Locals getting in some exercise. Photo taken in or around Thong Nhat Park, Hanoi, Vietnam by Samantha Brown.

Locals getting in some exercise. Photo: Samantha Brown

Thong Nhat is spacious, with a variety of trees spread across well-manicured lawns. Plenty of pathways let you jog or walk, with a circuit around the seven-hectare lake, Bay Mau, in the centre of the park making a good goal. Benches are on offer for a spot of reading or relaxing and there are toilets. While you can expect to receive smiles and hellos you are unlikely to be approached by anyone trying to sell you something or ask for donations, a pleasant break compared to Old Quarter.

A bridge on one bank leads to a picture-perfect island and the columns set up to the north of the lake—we assume for wedding photography—may feel out of sorts in Hanoi but contribute to the prettiness of the park.

Bay Mau Lake on a typically grey March day. Photo taken in or around Thong Nhat Park, Hanoi, Vietnam by Samantha Brown.

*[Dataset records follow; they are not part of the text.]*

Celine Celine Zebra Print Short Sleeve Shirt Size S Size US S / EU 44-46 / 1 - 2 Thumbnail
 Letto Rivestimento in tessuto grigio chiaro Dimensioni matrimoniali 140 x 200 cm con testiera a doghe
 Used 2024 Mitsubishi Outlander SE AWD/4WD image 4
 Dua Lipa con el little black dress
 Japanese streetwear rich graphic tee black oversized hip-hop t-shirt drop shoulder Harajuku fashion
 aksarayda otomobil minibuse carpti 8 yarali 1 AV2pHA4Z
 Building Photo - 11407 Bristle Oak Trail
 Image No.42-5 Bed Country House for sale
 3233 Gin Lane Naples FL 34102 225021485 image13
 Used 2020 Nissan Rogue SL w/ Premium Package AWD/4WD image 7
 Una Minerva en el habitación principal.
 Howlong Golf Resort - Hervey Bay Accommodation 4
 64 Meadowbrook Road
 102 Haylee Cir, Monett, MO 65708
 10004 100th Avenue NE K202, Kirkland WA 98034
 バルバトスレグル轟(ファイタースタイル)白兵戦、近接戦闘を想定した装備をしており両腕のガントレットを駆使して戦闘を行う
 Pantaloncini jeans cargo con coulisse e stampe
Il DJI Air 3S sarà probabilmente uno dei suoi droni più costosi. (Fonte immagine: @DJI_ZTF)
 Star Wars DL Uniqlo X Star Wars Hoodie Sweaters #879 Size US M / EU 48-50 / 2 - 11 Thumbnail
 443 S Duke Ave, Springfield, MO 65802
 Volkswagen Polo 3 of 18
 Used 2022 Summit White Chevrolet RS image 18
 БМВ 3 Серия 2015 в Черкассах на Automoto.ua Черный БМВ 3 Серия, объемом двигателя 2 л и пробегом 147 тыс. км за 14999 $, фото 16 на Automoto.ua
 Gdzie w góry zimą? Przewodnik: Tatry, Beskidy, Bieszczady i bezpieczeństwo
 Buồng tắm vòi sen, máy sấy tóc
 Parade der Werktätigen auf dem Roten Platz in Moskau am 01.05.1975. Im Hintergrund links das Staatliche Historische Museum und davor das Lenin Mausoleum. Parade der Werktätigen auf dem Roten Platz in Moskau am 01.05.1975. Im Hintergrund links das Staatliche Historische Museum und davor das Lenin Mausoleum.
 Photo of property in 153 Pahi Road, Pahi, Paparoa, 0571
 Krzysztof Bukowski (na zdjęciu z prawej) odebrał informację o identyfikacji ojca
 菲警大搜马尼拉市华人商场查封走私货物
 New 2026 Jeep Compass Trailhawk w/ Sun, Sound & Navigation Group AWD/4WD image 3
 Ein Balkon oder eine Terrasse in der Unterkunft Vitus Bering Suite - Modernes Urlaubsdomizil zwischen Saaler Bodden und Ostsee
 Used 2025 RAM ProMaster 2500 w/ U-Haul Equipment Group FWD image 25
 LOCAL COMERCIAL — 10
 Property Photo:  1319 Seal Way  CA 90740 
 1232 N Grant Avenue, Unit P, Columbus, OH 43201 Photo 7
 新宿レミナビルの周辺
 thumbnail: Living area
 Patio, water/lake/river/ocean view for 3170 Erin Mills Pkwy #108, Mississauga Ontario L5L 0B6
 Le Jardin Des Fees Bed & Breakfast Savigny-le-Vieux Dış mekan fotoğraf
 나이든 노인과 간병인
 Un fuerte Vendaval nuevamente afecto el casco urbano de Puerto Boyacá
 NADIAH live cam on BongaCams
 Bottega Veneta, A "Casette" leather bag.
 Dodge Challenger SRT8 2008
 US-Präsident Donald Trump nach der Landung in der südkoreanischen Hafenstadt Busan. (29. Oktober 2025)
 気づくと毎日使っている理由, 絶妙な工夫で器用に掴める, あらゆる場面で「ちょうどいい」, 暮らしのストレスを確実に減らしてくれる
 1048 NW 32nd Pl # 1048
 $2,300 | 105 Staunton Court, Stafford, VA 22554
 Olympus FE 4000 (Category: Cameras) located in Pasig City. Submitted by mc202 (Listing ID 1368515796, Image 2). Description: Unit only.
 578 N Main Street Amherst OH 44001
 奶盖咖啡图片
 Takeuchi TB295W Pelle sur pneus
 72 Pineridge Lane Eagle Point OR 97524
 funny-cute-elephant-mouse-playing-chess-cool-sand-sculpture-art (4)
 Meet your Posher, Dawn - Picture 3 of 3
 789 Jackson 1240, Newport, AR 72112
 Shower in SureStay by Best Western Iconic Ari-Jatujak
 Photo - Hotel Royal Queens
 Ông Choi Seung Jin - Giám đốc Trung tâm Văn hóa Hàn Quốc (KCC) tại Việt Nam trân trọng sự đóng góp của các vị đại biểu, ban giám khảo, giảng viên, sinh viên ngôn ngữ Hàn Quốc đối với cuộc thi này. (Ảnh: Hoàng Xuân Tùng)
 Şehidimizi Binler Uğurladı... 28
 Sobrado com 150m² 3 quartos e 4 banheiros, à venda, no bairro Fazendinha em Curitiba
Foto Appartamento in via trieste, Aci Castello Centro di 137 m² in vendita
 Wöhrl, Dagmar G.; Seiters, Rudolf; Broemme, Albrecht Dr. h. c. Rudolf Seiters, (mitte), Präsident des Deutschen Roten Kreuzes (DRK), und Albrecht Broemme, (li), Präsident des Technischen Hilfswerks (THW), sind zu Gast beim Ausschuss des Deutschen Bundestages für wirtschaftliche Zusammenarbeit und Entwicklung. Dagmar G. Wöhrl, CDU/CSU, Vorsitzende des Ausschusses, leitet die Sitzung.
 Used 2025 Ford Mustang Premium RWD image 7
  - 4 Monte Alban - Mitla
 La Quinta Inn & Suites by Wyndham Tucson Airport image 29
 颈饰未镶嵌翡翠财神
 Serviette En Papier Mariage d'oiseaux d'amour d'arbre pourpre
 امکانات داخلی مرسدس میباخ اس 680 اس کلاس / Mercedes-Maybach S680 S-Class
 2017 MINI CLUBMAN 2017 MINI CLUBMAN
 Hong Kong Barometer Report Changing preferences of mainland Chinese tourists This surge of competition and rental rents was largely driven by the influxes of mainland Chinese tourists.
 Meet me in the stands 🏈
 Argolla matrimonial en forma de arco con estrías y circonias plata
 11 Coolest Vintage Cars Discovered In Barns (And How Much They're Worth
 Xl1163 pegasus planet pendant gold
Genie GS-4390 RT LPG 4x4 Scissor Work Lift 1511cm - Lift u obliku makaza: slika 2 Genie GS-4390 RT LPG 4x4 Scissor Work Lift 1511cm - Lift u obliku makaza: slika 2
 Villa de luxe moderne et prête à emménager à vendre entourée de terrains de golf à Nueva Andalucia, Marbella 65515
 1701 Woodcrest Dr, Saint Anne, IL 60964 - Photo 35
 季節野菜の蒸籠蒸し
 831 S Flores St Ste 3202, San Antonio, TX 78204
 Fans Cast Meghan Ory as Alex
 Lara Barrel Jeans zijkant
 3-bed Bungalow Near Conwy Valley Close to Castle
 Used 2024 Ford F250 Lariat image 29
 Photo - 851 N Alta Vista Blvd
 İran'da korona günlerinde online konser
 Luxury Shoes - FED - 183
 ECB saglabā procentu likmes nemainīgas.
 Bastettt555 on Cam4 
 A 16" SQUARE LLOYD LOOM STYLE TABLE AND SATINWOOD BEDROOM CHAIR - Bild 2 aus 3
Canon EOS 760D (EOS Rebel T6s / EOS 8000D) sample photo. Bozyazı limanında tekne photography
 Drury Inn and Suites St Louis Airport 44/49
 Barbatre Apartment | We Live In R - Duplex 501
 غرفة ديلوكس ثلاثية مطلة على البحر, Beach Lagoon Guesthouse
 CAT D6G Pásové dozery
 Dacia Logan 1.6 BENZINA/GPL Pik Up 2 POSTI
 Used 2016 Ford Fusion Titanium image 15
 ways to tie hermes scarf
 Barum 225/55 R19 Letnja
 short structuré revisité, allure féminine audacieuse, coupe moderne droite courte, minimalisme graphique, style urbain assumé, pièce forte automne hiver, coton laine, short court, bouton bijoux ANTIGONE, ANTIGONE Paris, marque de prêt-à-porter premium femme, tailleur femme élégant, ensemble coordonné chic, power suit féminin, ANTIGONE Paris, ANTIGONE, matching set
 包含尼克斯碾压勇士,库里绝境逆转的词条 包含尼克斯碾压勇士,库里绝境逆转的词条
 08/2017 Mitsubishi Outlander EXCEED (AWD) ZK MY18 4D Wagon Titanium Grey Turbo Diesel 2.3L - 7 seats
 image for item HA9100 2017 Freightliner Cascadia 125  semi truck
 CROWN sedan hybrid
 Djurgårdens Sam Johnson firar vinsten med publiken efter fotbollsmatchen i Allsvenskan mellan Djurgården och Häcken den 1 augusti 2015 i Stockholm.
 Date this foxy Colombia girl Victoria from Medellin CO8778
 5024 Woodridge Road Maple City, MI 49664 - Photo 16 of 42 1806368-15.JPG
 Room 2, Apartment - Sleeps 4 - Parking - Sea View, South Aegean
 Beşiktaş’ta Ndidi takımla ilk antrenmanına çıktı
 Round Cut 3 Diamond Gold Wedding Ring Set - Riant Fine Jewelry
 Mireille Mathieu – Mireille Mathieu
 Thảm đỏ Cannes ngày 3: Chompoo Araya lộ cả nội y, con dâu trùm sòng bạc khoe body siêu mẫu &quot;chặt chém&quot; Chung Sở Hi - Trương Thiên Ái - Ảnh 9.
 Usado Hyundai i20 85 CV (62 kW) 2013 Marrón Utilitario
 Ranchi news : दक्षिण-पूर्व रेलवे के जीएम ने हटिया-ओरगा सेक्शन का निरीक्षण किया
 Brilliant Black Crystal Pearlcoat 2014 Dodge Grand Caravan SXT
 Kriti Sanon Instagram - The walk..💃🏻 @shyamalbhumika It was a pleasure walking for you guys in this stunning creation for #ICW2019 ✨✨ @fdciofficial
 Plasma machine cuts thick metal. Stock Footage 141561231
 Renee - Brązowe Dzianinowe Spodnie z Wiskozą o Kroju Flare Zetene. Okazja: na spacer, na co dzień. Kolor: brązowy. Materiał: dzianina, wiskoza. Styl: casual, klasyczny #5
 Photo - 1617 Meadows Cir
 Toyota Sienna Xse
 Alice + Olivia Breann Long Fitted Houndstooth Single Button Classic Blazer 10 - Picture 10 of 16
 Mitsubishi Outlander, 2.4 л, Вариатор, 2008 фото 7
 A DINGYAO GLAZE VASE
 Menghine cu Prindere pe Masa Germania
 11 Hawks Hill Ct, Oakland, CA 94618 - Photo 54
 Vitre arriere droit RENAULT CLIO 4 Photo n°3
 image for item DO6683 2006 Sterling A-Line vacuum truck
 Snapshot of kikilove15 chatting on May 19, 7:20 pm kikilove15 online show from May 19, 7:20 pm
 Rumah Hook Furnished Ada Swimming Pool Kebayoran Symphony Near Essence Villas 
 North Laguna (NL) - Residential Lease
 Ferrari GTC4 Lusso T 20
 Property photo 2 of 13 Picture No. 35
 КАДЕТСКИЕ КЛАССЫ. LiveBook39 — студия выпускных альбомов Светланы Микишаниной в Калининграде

Bay Mau Lake on a typically grey March day. Photo: Samantha Brown

Various events are held at the park, such as Lunar New Year fireworks, and we just missed out on seeing a Bulgarian rose festival, of all things. We did get to see some interesting animal topiary though, apparently done to celebrate the start of the year of the rooster.

Kids’ rides scattered throughout the park can best be described as rickety and rusty. When we last visited on a weekday they were shuttered, and though they seemed to be past their prime it looked like they may well operate over the weekends when more families visit. They make for a great photographic project, at the least.

The ancient rides make for great photos. Photo taken in or around Thong Nhat Park, Hanoi, Vietnam by Samantha Brown.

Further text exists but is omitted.